May 7, 2024

Unit of Chinese Daily Plans I.P.O.

SHANGHAI — The online division of the People’s Daily, the official mouthpiece of the Communist Party, won approval on Friday to go ahead with an initial public offering of stock.

The decision by China’s top securities regulator paves the way for the People’s Daily online to raise up to $85 million by selling stock on the Shanghai Stock Exchange, most likely this year.

It is the first time a state-run media Web site has filed to go public, and it is expected to be followed by public offerings from an array of other state-run media properties, including Xinhua, the official news agency.

China is trying to upgrade state-run media outlets and cultural properties, partly by forcing them to be more market-oriented and less dependent on subsidies.

Beijing is also pressing its tightly controlled Party propaganda tools to better compete with popular Internet search engines and social networking Web sites in China like Sina, Sohu and Baidu.

Although Beijing has retained tight control over its media properties, and continues to censor and force-feed them official Party news, analysts say those properties have come a long way from the days when they were simply state mouthpieces.

Government media executives have made clear that they hope to push these properties to eventually emulate global giants like CNN and News Corporation, Bloomberg and Al Jazeera.
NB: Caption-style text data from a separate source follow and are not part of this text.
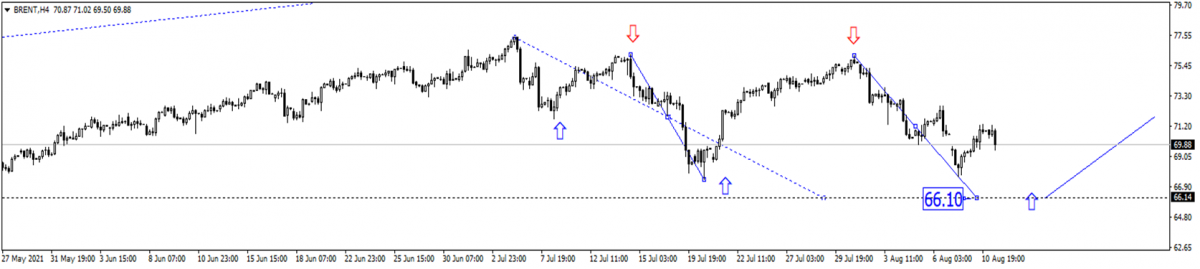 BRENT chart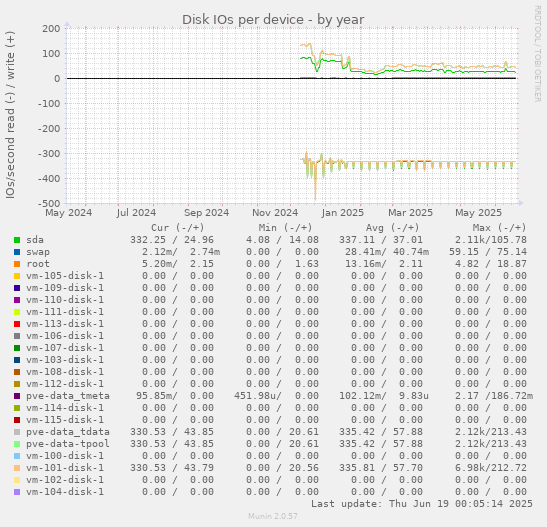 Disk IOs per device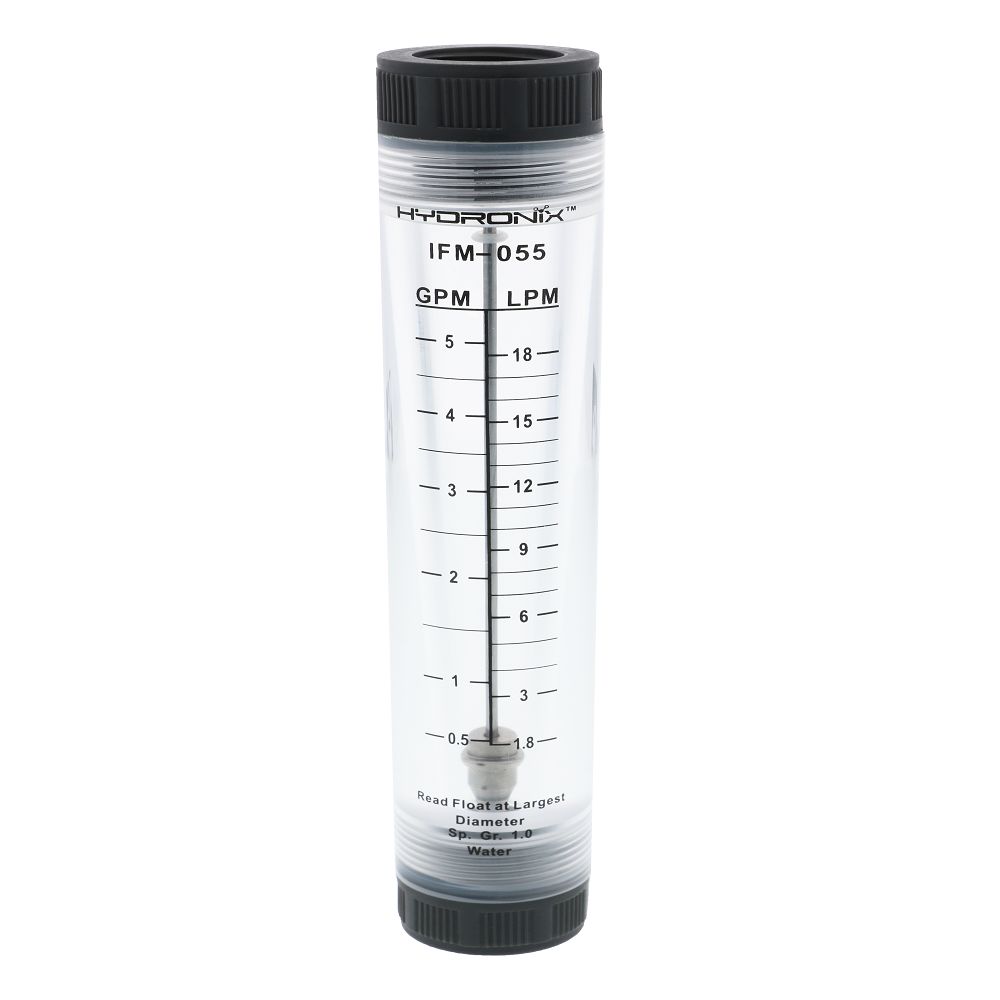Inline Flowmeter
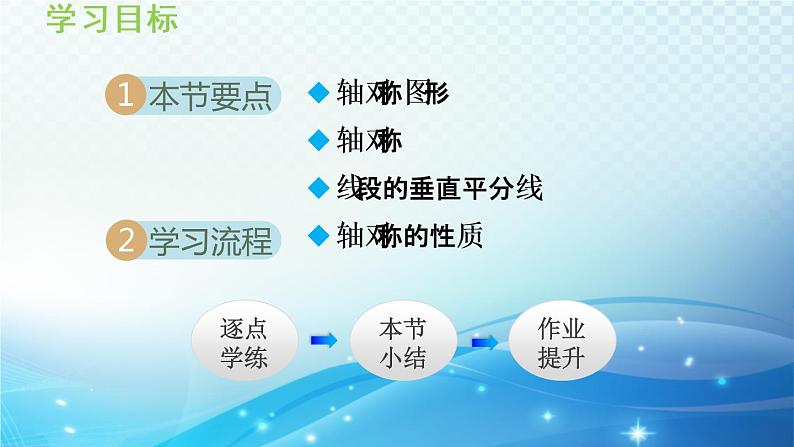 15.1.1 轴对称 沪科版八年级数学上册导学课件02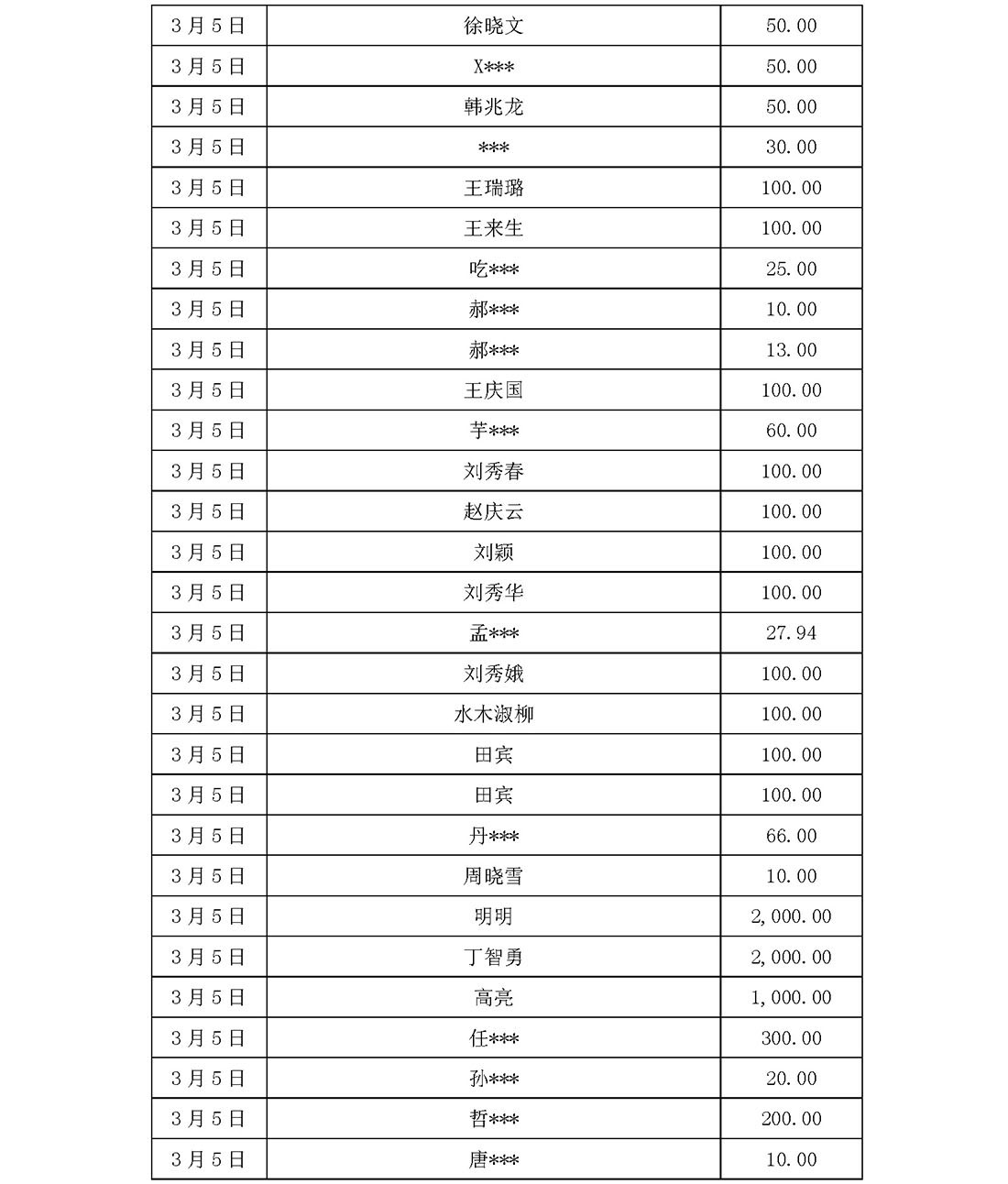 基金会新冠疫情信息公开（截止5月31日）(1)_页面_30.jpg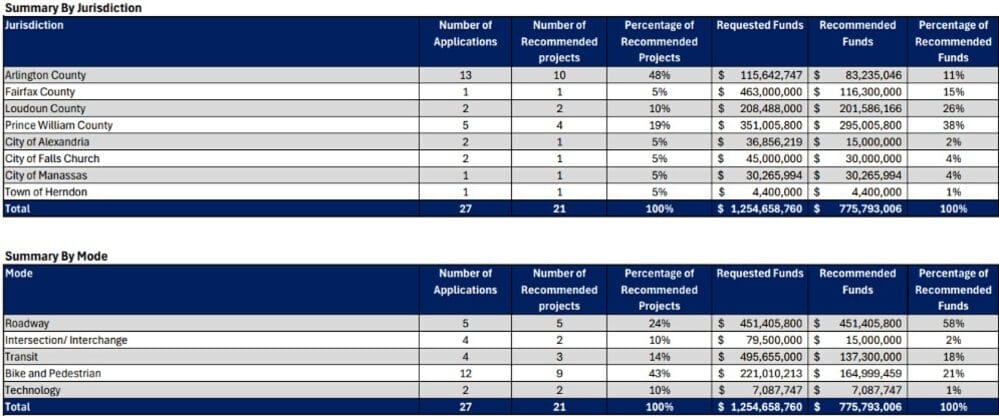 Funding summary for NVTA FY26-31 Six-Year Program (via NVTA) | ARLnow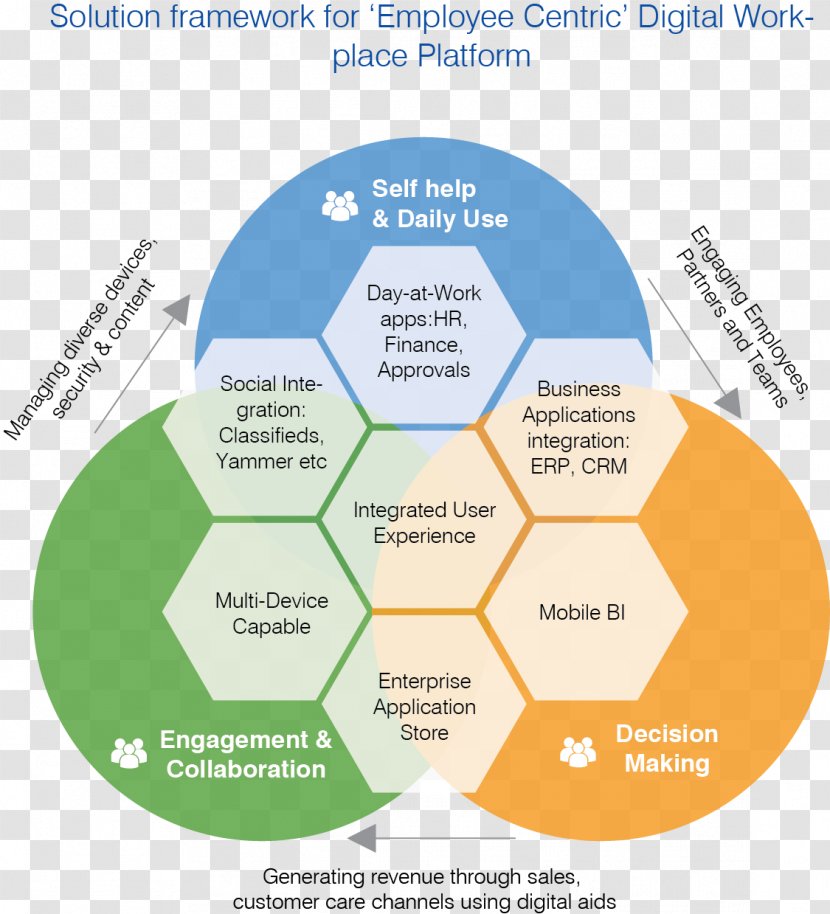 Interaction Design Diagram Workplace User-centered - Thinking Transparent PNG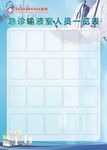 医院 急诊 输液 人员 一览表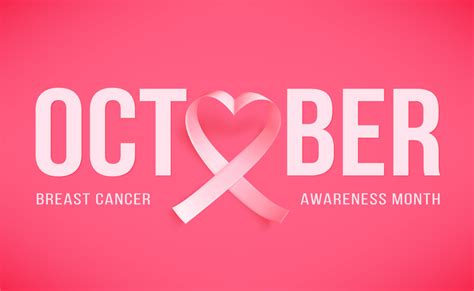 Breast Cancer Facts And Statistics Saber Healthcare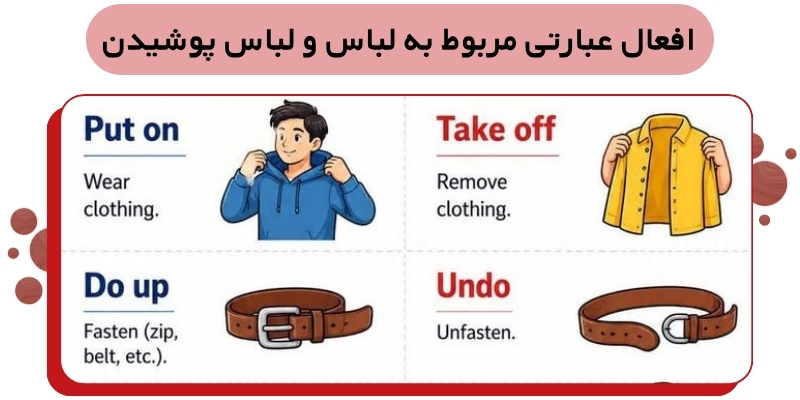Dressing_Actions_QuickWthUs (4) افعال عبارتی مربوط به لباس و لباس پوشیدن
In Times Square in Manhattan, Xinhua, the official state-run news agency, is spending millions of dollars a year to promote itself on a giant electronic billboard.

China Central Television, or CCTV, the nation’s biggest state-controlled broadcaster, now has international channels broadcasting in English, French, Spanish, Russian, Arabic and other languages. CCTV is also hiring more overseas producers and journalists. The network is leasing space in Manhattan and building a United States broadcasting center in Washington.

Analysts say part of the aim is to improve China’s “soft power” capabilities, giving the country greater control over the way the Communist Party’s messages are delivered overseas.